Exercise instructions:
What you output must be the exact lines from the first line of the data through the one holding "a bedroom with a bed and two", with no pictures.

Given data:
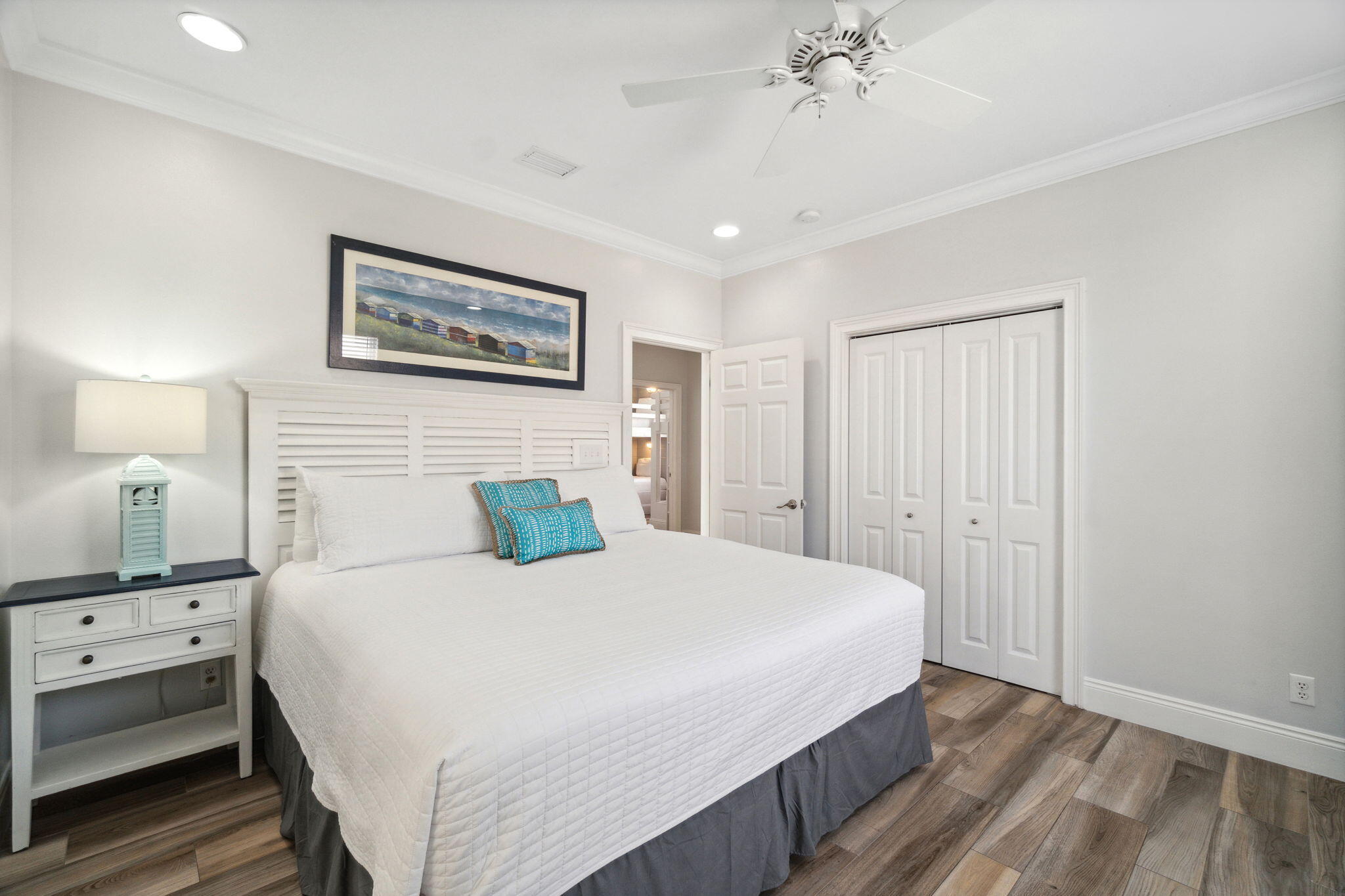 29 Sarasota Street Miramar Beach, FL 32550 - Photo 28 of 66 a bedroom with a bed and a chandelier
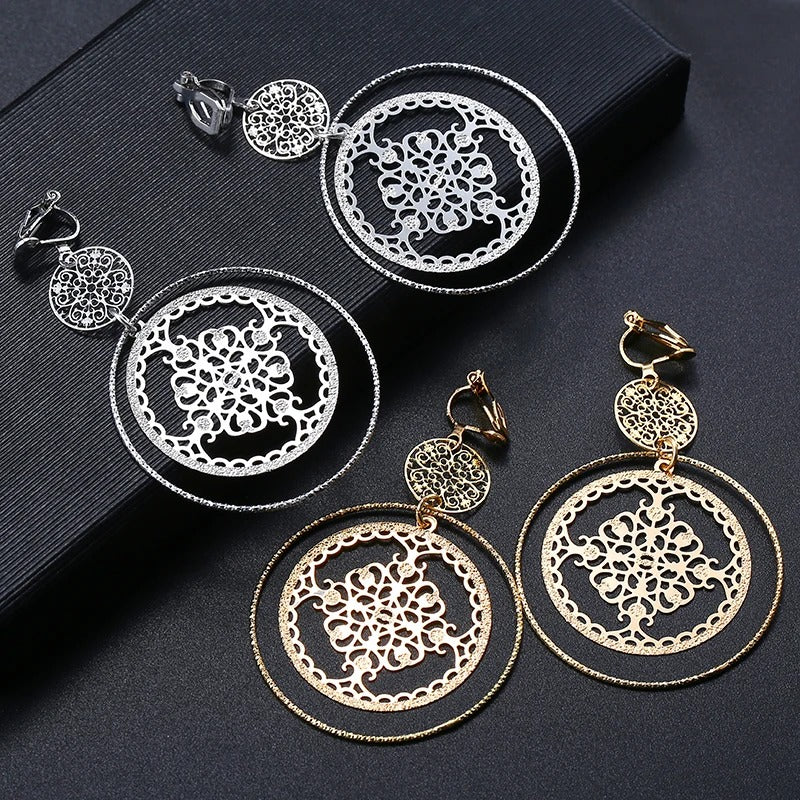 Devani Filigree Disc Clip Earrings - Metal clip-on earrings made from a series of interlocking metal circles, with an embossed filigree pattern.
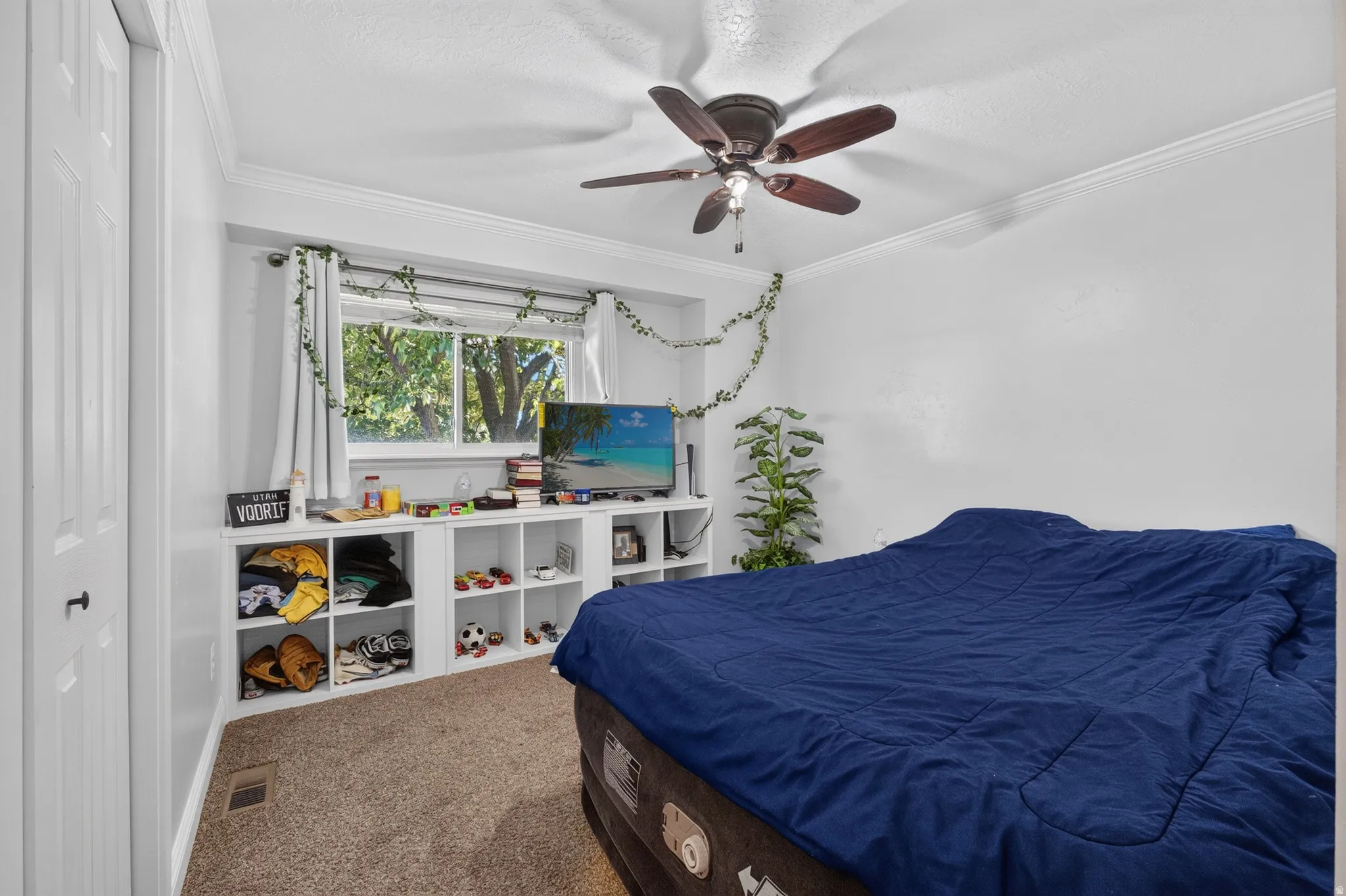 Bedroom featuring a window with exterior tree scenery, built-in shelving, crown molding, a ceiling fan, and carpet flooring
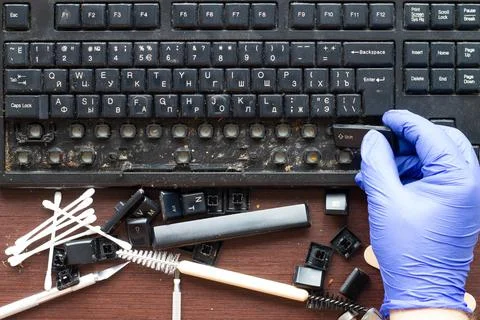 A professional computer technician removes keys from an computer keyboard Stock Photos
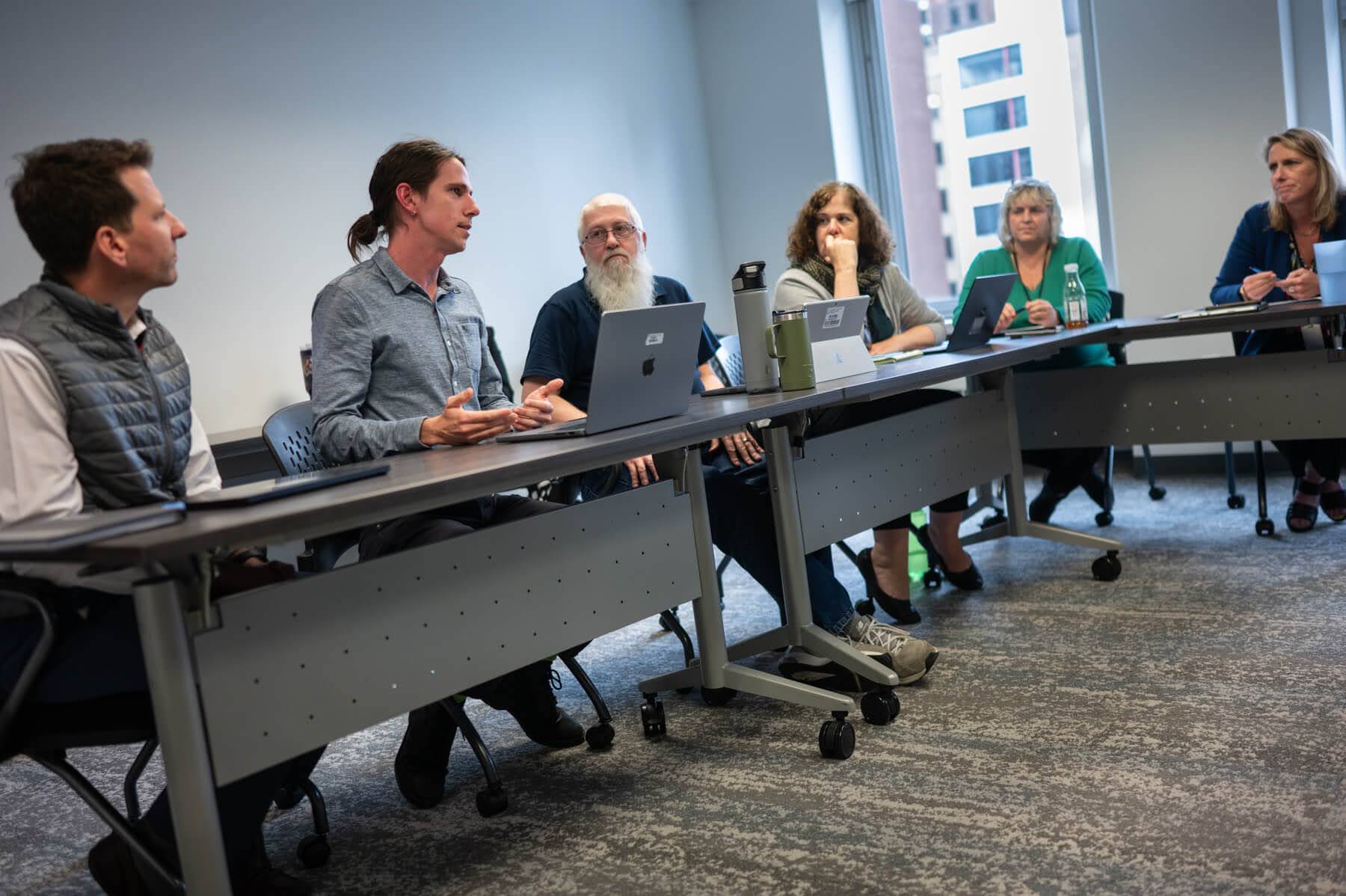 A group of six people sit around a conference table in a meeting room, engaged in discussion with laptops and notepads in front of them.
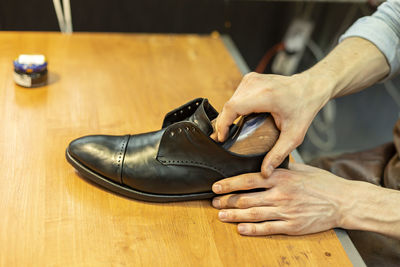 Close-up of man working on table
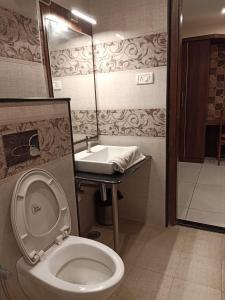 a bathroom with a toilet and a sink at GOLDEN AMULYA REST WINGS in Yelahanka
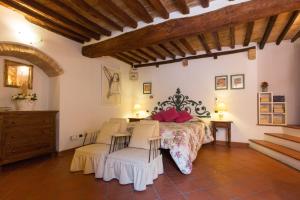 a bedroom with a bed and two chairs at Il Pozzo in San Gimignano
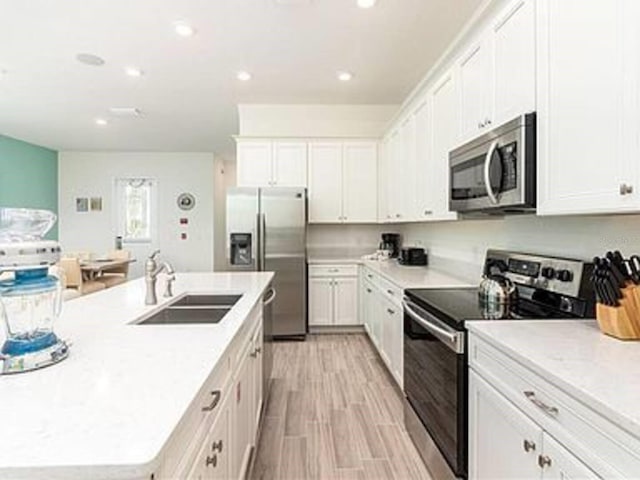 kitchen featuring white cabinetry, sink, an island with sink, appliances with stainless steel finishes, and light wood-type flooring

Response box:
 29 Sarasota Street Miramar Beach, FL 32550 - Photo 28 of 66 a bedroom with a bed and a chandelier
 Devani Filigree Disc Clip Earrings - Metal clip-on earrings made from a series of interlocking metal circles, with an embossed filigree pattern.
 Bedroom featuring a window with exterior tree scenery, built-in shelving, crown molding, a ceiling fan, and carpet flooring
 A professional computer technician removes keys from an computer keyboard Stock Photos
 A group of six people sit around a conference table in a meeting room, engaged in discussion with laptops and notepads in front of them.
 Close-up of man working on table
 a bathroom with a toilet and a sink at GOLDEN AMULYA REST WINGS in Yelahanka
 a bedroom with a bed and two chairs at Il Pozzo in San Gimignano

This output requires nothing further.